There were three questions posed by a 1st century Jerusalem scholar Rabbi Hillel, when asked “How do we, how do we understand what we are to do in the world?” And he responded with three questions. The first one’s to ask yourself, “If I am not for myself, who will be for me?” It’s not a selfish question, but it is a self-regarding question. Sort of saying, “Ask yourself what you’re about, what you value, what you have to contribute, what…” But then the second question is, “If I am for myself alone, what am I?” But it, which is, it’s to even be a who and not a what is to recognize that we are in the world in relationship with others and that our capacity to realize our own objectives is inextricably wrapped up with the capacity of others to realize theirs.

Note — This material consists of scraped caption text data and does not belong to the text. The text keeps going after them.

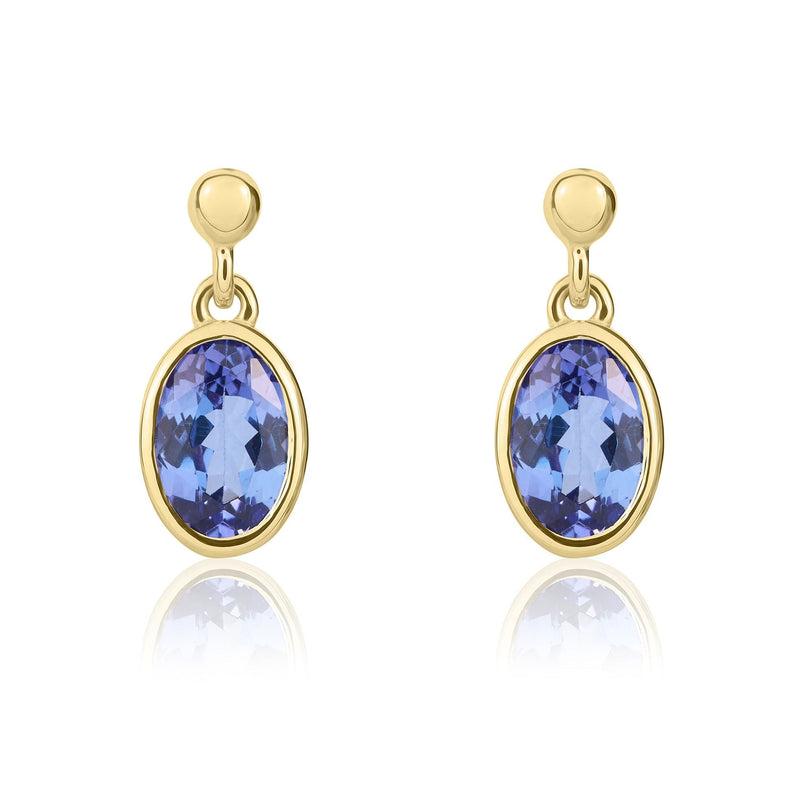 9ct Yellow Gold Oval Natural Tanzanite Rubover Drop Earrings — 6x4mm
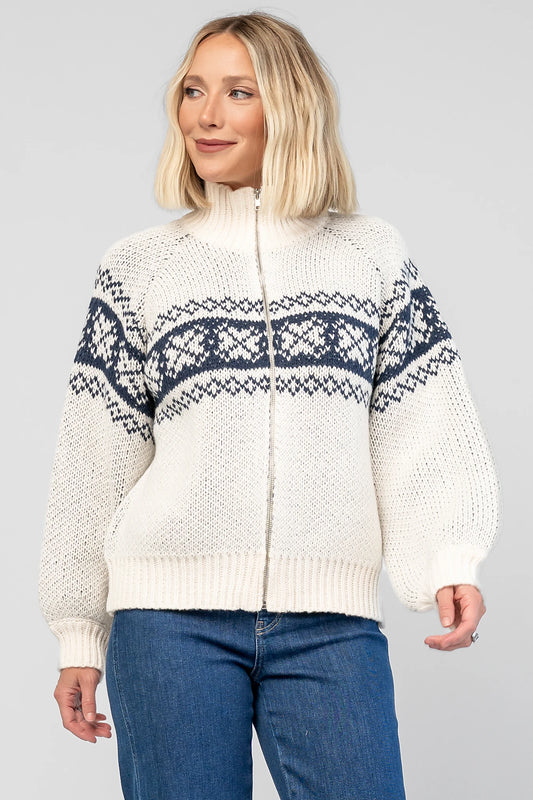 Neve Sweater Jacket | Cream + Navy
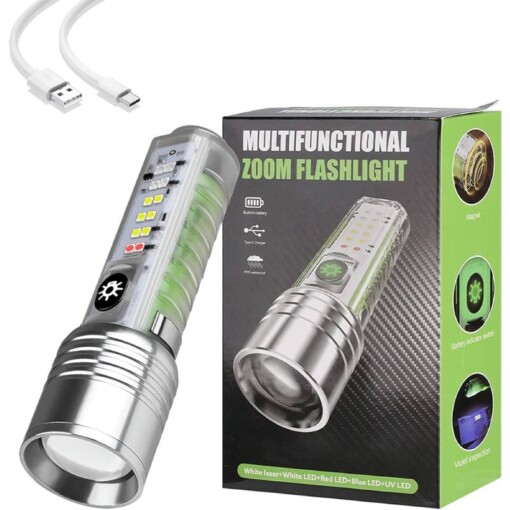 Lampe Torche LED Rechargeable ZOOM Fluorescente 8 Modes Etanche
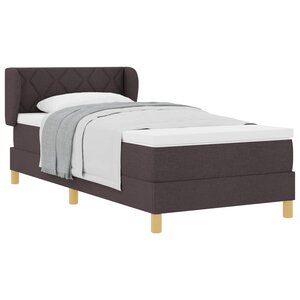vidaXL Lit à ressorts avec matelas Marron foncé 90 x 190 cm tissu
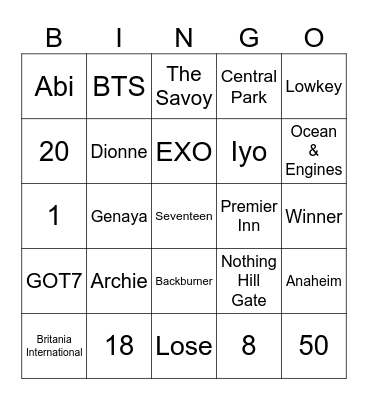Punya Archie Bingo Card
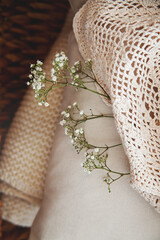 Kissen und Decken aus Baumwolle und Spitze in Korb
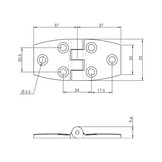 Talamex Nylon scharnieren 40x40mm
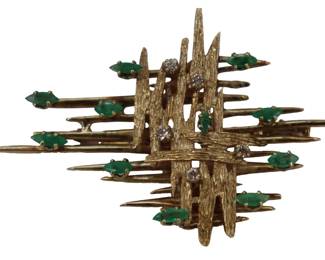 14k Gold, Diamond, and Emerald Brooch - Gross 18.8 g.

And finally, “If not now, when?” The time for action is always now, because it’s often only through action that we can learn what we need to learn in order to be able to act effectively in the ways that we intend. And the fact that they’re questions is also really important to me, because it suggests that this work, this work of organizing, leadership is not about knowing, it’s about learning.
And it’s about asking and it’s about understanding that it is about dealing with the uncertain. It is about probing the unknown. It’s not about control. It’s about, it’s about learning through purposeful experience. And so that’s kind of, I think, what I’ve tried to, as I look back, what I’ve tried to learn, to teach, to do, to practice is how to be that kind of a learner and teacher.